Invest your retirement money like the pros, and follow these steps:
The best place to begin is with an investment policy statement. This is your road map. Regulators require every pension plan to have a formal investment policy statement, yet very few retail investors have one. This document will outline your goals, objectives, time horizon, risk tolerance, asset allocation and investment strategy. This statement changes only when a significant, life-changing event happens such as a death of a loved one, birth, changes to the tax code, a windfall or even getting out of debt.
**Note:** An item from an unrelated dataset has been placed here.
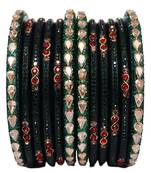 Rajasthani short lac bangles set with new kundan design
The next step is to be realistic about your timeline and your tolerance for risk. That, in turn, will drive your asset allocation. Pension funds have funding commitments for the next 100 years, which is certainly a different perspective for long-term investing. If you ask a retail investor what they consider to be long term, you might hear how their stocks have performed during the past quarter.
Asset allocation refers to the distribution of your money over cash, stocks, bonds, real estate, infrastructure and other assets. Concentration risk can be a concern, and a way to manage that risk is to limit exposure and keep investments to a maximum of five per cent in one holding. For some, even five per cent may be a stretch, depending on the size of your portfolio.
Your timeline should always be longer than you think. If you are 60 you may think 20 years is reasonable; I would argue your time horizon should be 40 years because no one wants to run the risk of outliving their money. Pension funds are investing today for liabilities many years down the road.
And finally when it comes to diversification, get out of Canada. Canada only represents roughly four per cent of the global equity market. There is simply too much opportunity outside of Canada to ignore. In fact, the CPP has a goal to allocate one-third of its investments in the fastest-growing economies by 2025 and that means exposure to emerging markets.
A few basic principles can help you weather the market’s ups and downs like the pros.